22 Maggio 2013
Nel profilo produttivo non differisce molto dal rum, è molto “artigianale”, e non esiste effettivamente una ricetta precisa, variando spesso il processo produttivo in base alla scelta delle aziende che la realizzano (più di 5 mila, non contando alambicchi che lavorano in clandestinità).
Cio che rende diversa la cachaça dagli altri spirits è il minor grado di distillazione, che le conferisce un aroma e un sapore molto intensi.
Il percorso della cachaça va dal consumo nelle piantagioni ai salotti degli intellettuali del 18° secolo, dove veniva bevuta questa “agua pra tudo” per brindare all’indipendenza dal Portogallo. Da sempre l’acquavite di bandiera per il Paese, anche grazie al basso costo che permette alla stragrande maggioranza della popolazione di bere alcol senza spendere una fortuna (definita infatti un tempo il brandy dei poveri).
La Storia
Non si hanno dati storici sicuri su chi sia stato il primo produttore di cachaça.
Pare che il periodo vada dal 1530 al 1550 con l’introduzione da parte dei colonizzatori portoghesi, avvenuta nel 1500 da parte di Pedro Alvarez Cabral, della canna da zucchero, nello specifico nel 1532 con la nascita delle prime piantagioni (fazendas) e industrie dello zucchero (‘engenhos de Açúcar’) a Sao Vincente.
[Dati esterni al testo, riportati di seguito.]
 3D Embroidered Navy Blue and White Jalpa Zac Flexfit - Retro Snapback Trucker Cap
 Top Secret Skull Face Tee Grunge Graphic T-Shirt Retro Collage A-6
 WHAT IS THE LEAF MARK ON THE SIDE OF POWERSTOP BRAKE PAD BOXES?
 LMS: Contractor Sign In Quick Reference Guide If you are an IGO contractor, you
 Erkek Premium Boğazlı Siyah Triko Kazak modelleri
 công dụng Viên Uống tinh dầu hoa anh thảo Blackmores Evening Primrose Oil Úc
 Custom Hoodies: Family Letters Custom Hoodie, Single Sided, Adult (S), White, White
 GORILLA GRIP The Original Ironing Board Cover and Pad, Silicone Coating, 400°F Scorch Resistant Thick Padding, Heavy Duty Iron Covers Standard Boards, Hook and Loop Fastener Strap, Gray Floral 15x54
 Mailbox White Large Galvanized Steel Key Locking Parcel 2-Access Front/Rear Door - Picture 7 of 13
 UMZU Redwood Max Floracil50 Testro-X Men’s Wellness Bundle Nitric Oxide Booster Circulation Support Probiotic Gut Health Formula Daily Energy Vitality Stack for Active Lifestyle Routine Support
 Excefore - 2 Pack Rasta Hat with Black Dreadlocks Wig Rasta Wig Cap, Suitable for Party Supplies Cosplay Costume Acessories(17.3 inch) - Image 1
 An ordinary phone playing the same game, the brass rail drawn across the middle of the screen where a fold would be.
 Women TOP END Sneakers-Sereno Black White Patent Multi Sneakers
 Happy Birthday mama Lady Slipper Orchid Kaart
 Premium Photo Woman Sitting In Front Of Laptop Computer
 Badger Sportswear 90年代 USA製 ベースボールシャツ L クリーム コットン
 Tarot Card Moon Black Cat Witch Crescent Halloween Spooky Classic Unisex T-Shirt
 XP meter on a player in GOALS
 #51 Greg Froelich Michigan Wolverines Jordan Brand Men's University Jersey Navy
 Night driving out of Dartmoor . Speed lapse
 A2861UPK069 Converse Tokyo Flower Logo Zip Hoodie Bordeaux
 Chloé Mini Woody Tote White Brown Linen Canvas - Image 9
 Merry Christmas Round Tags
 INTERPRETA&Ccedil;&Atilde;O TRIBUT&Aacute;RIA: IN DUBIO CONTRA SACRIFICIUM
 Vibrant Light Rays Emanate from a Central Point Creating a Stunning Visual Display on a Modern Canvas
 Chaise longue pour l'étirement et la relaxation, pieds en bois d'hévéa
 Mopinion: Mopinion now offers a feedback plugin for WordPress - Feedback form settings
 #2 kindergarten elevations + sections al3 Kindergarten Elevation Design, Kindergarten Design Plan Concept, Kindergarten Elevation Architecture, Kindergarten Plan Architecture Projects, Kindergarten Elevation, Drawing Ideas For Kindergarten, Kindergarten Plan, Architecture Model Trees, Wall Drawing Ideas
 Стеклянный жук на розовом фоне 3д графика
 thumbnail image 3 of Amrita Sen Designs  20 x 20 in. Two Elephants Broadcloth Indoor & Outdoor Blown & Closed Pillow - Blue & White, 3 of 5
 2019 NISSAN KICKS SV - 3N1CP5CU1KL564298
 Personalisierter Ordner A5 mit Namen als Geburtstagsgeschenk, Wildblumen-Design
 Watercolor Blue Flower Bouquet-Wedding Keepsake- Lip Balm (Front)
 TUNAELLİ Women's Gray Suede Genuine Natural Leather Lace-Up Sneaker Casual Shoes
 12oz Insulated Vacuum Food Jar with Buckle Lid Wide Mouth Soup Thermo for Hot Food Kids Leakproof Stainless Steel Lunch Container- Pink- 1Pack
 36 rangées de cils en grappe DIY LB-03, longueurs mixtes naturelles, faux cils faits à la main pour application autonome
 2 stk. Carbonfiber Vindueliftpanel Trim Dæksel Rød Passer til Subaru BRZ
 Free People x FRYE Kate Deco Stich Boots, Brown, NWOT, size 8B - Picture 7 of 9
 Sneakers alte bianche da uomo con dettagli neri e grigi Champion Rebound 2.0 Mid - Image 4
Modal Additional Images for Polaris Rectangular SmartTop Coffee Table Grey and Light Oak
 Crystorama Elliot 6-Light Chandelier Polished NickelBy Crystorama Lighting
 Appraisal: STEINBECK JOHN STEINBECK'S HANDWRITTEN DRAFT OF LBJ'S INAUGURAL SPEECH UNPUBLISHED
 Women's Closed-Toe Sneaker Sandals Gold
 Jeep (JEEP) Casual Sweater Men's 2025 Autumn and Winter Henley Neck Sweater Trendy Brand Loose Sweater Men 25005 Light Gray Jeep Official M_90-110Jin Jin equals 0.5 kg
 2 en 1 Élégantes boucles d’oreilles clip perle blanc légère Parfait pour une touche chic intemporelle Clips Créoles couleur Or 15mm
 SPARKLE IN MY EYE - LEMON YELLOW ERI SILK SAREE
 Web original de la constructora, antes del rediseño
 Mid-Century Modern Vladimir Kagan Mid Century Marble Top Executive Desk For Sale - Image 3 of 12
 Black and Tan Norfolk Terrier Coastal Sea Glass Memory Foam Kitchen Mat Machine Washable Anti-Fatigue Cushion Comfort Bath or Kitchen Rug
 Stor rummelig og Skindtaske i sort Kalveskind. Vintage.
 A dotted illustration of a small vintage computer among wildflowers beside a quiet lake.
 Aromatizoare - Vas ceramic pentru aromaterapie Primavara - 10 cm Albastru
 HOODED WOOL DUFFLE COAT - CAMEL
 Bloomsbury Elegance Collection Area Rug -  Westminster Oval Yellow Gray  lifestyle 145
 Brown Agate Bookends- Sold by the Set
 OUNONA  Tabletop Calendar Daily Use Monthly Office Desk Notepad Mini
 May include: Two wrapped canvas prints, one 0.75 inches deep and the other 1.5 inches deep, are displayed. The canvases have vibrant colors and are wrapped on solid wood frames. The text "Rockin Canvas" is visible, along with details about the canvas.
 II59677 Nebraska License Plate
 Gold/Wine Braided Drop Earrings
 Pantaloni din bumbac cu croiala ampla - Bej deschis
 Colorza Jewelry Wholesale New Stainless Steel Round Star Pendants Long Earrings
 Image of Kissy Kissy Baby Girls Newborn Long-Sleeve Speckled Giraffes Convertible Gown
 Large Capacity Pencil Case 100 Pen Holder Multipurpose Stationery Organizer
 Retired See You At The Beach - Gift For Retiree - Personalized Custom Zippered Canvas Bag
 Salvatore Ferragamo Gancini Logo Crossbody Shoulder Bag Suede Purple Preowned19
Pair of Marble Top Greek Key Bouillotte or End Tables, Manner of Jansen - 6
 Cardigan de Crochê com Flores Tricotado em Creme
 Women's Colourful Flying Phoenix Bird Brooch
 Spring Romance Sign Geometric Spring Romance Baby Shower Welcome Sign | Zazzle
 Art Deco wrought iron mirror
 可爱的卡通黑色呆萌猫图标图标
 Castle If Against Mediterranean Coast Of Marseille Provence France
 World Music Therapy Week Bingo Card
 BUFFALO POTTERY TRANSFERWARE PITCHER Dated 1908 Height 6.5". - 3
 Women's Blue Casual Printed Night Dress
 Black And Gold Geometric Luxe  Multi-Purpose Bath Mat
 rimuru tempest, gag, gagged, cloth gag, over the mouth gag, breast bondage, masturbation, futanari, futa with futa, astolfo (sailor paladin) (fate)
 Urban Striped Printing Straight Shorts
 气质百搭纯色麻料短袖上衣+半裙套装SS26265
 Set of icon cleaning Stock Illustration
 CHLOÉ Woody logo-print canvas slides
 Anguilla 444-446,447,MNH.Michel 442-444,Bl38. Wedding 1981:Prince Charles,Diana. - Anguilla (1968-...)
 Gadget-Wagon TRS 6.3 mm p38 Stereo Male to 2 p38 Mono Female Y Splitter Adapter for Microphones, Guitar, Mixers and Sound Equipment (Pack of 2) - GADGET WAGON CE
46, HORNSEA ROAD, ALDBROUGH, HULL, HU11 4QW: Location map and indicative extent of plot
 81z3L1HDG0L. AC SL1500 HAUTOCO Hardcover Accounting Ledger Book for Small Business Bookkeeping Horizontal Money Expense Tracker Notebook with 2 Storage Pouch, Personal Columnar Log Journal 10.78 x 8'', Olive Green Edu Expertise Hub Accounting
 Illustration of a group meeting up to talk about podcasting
Dalla canna si otteneva lo zucchero, uno dei beni più importanti per il mercato europeo, e proprio nelle cantine delle engenhos dove si lavorava il succo delle canne spremute per separare i cristalli dal residuo liquido e denso (la melassa) si andava a formare una condensa sul soffitto che lentamente gocciolava a terra. Questo gocciolare (Pingar) coniò il termine con il quale ancora oggi i brasiliani chiamano in gergo il loro prodotto nazionale: Pinga. Dalla pianta non si otteneva solamente zucchero e melassa.
Il succo delle canne, fatto fermentare grazie all’azione dei lieviti, si trasformava in una sorta di mosto chiamato cagaça o cagassa per l’odore nauseabondo che sprigionava, quasi di letame.
Proprio da questa cagassa pare derivi l’etimologia del nome cachaça, anche se qualcuno sostiene che derivi invece dal termine spagnolo cachaza con il quale si chiamava l’acquevite di uva. Furono gli stessi portoghesi ad introdurre la distillazione attraverso alambicchi inizialmente discontinui, avendo già esperienza di distillazione nella produzione in terra madre di acquavite di uva.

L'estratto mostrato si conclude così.